Aucune de ces fonctionnalités n’est nouvelle. Ce qui est nouveau, c’est qu’elles sont accessibles directement sur le produit lui-même. Le code QR doit de toute façon y figurer.

La limite juridique : publicité vs. informations sur le produit

Le RGPD stipule que les informations obligatoires ne doivent pas être masquées par de la publicité. Cette règle est moins restrictive qu’elle n’y paraît. Concrètement :

  • L’accès aux informations obligatoires doit être possible dès le premier affichage
  • Les contenus publicitaires ne doivent pas être présentés comme des informations obligatoires
  • Les liens sponsorisés vers des tiers sont autorisés, mais doivent être identifiés comme tels

Concrètement, cela signifie : les informations obligatoires dans l’en-tête, le contenu marketing plus bas ou dans des onglets. Exactement comme est structurée une bonne page produit d’une boutique en ligne.

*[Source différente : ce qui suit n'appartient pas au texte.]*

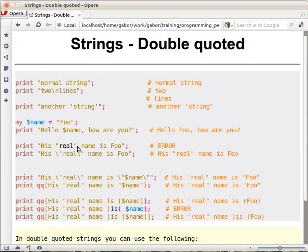In order to make it work, we have to escape the double quotes, telling Perl not to handle them as something special — this is just a regular character. So we need to escape both of them with a backslash, putting a backslash in front of those characters. Then Perl is able to print the double quote, for example: real name is "Fu".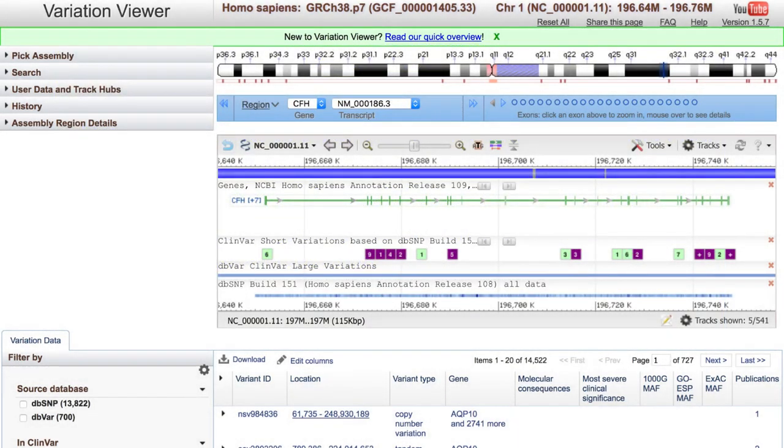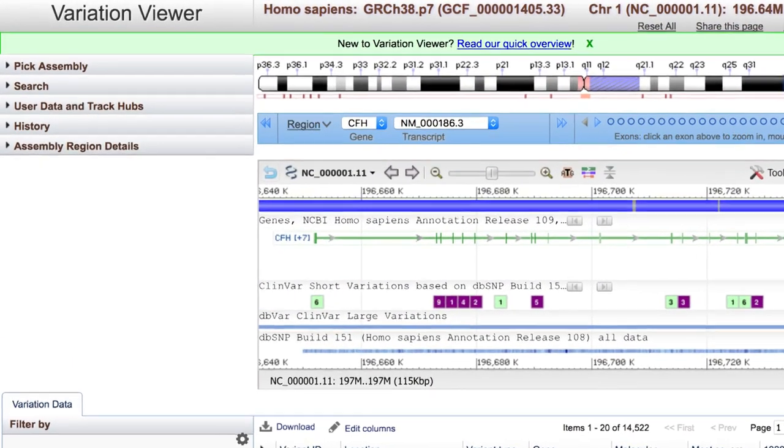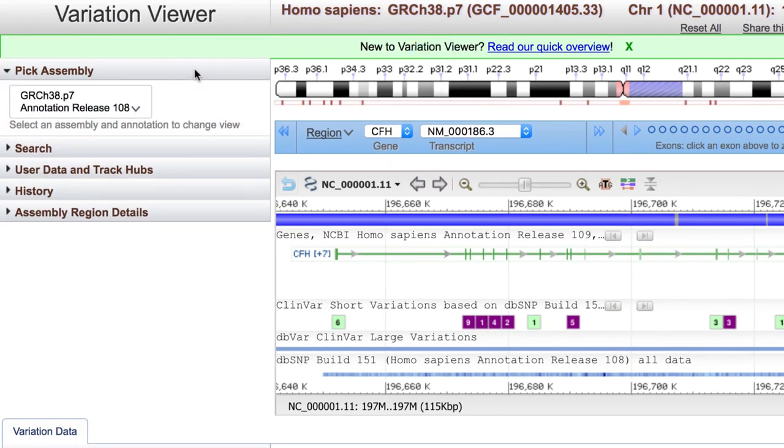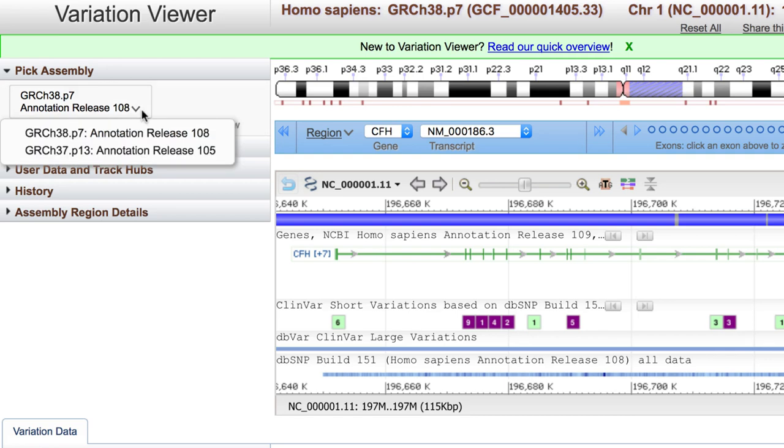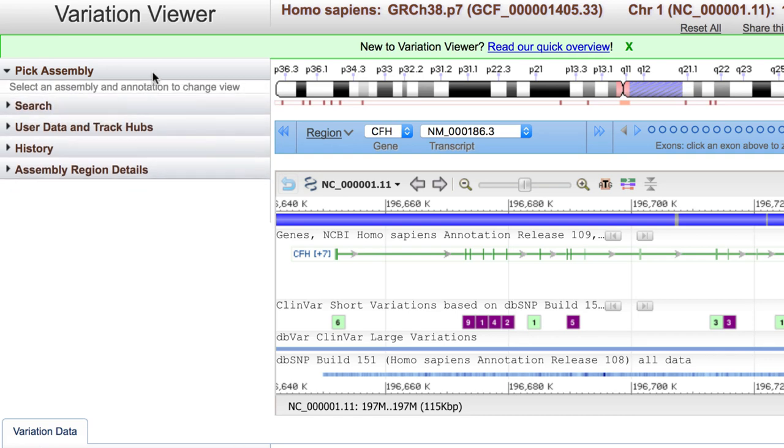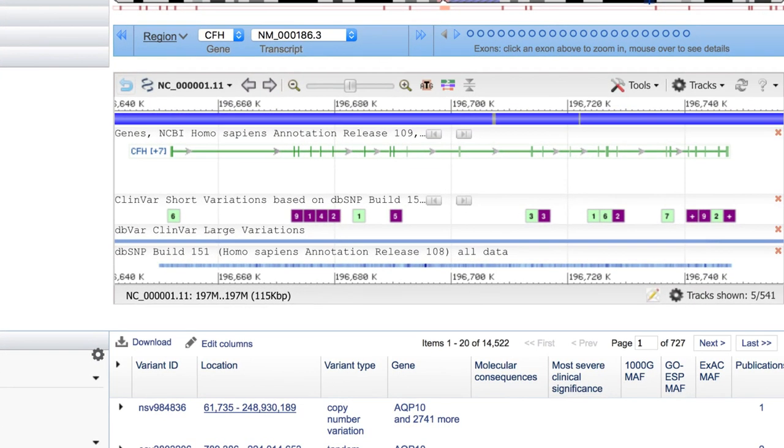I'm going to start in the Variation Viewer and Human Assembly GRCh38, but it's easy to switch to H37 right here under Pick Assembly. Let's take advantage of one of the recommended track sets, called Genetics and Variation.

Génération de leads : le bilan honnête

Si l’on examine une fonctionnalité de génération de leads DPP à l’aide de chiffres concrets :

  • Taux de scan actuel dans le secteur de la mode : 2 à 8 % des consommateurs finaux, selon l’emplacement du code et la catégorie de produit
  • Taux d’interaction après le scan : 40 à 60 % des utilisateurs consultent d’autres contenus
  • Taux d’opt-in avec un argumentaire convaincant : 5 à 12 %

Avec un million de produits vendus par an, cela représente, selon le parcours d’inscription, entre 1 000 et 6 000 contacts. Ce n’est pas un volume comparable à celui de Google Ads, mais il s’agit de contacts qui ont déjà effectué un achat et dont les coûts d’acquisition sont effectivement nuls, puisque le code QR figure de toute façon sur l’emballage pour des raisons de conformité.

Ce que presque personne n’utilise aujourd’hui : la segmentation des groupes cibles

Un DPP doit fournir des contenus différents selon les groupes cibles : consommateurs finaux, acteurs économiques, autorités. Techniquement, la segmentation est déjà en place.

Presque personne ne l’utilise à des fins marketing. Pourtant, cela offrirait des leviers immédiats :

  • Acheteur B2B qui scanne un échantillon : fiches techniques, liste de prix, contact avec le service commercial spécialisé
  • Client final : mode d’emploi, communauté
  • Presse et influenceurs : dossier de presse avec images haute résolution, communiqués de presse

Cela ne nécessite pas de processus de connexion spécifique : un accès basé sur l’en-tête ou un paramètre de requête suffit.

Pourquoi le secteur réagit-il lentement?

Le principal frein est d’ordre organisationnel : les projets DPP sont confiés aux services de conformité et informatiques, et non au marketing. L’un y voit une obligation, l’autre une opportunité. Dans la plupart des entreprises, les deux services ne se parlent pas.

Cela change peu à peu. Les marques qui intègrent le DPP dans le parcours client gagnent un canal actualisable vers le client final, tandis que leurs concurrents se contentent d’imprimer un code QR obligatoire.